Orthodox synagogue in Brooklyn, New York

The Ocean Parkway Jewish Center is an Orthodox Jewish synagogue located at 550 Ocean Parkway, in Kensington, Brooklyn, New York City, New York, United States.

The synagogue was built between 1924 and 1926 and is a three-story plus basement and attic, stone clad Neoclassical style building, with a two-story addition. The front façade features three round-arched entrances and the second and third stories are organized as a temple front. It was listed on the National Register of Historic Places in 2009. The building was designed by Samuel Malkind and Martyn Weinstein. Malkind had worked for Louis Abramson's firm before starting his own practice with Weinstein and the design followed a pattern set by Abramson, "combining neo-Classical ornament with Judaic symbols".

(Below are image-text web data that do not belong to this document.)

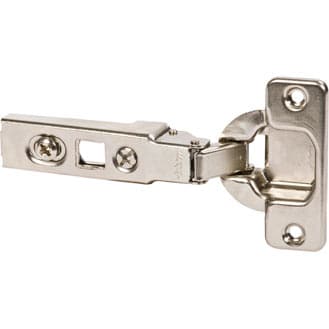 Cabinet Hinges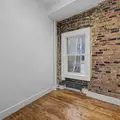 3 bedrooms apartment for rent in Nolita / Bowery - Manhattan, New York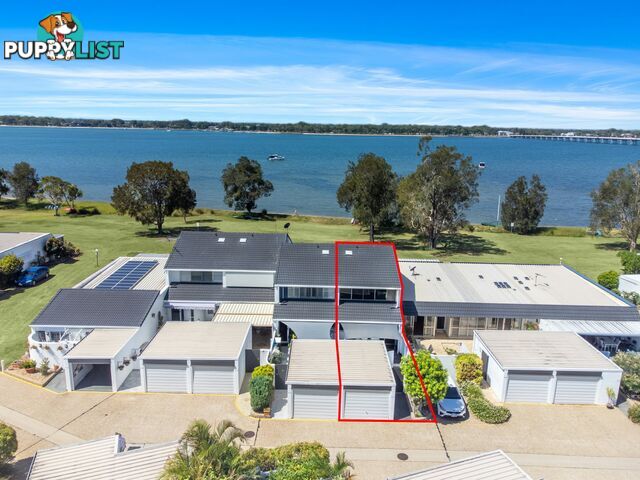 19A/16 Spinnaker Drive SANDSTONE POINT QLD 4511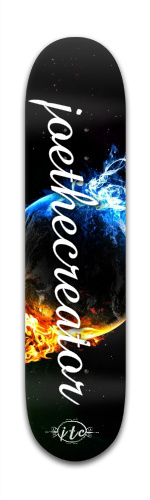Design 57986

The chairman and Director is Allen Michaels.

==History ==
The synagogue was established following the 1924 merger of its predecessors, the First Congregation of Kensington, founded 1907, and the West Flatbush Jewish Center. The two synagogues, located about two blocks apart from each other (Ditmas and Dahill Roads, and East 2nd Street near Ditmas, respectively) had outgrown their spaces, and purchased seven lots on Ocean Parkway immediately within one month of joining forces. The building was completed in 1926, at a total cost of around $450,000. At the time, it was named, The Ocean Parkway Jewish Center of the First Congregation of Kensington Tiphereth Israel.

The Ocean Parkway Jewish Center was previously affiliated with Conservative Judaism under Rabbi Jacob Bosniak's leadership for nearly 30 years. His sermons during the 1940s informed congregants about the catastrophe of the Holocaust (ref: Interpreting Jewish Life: The Sermons and Addresses of Jacob Bosniak). The congregation is presently Orthodox.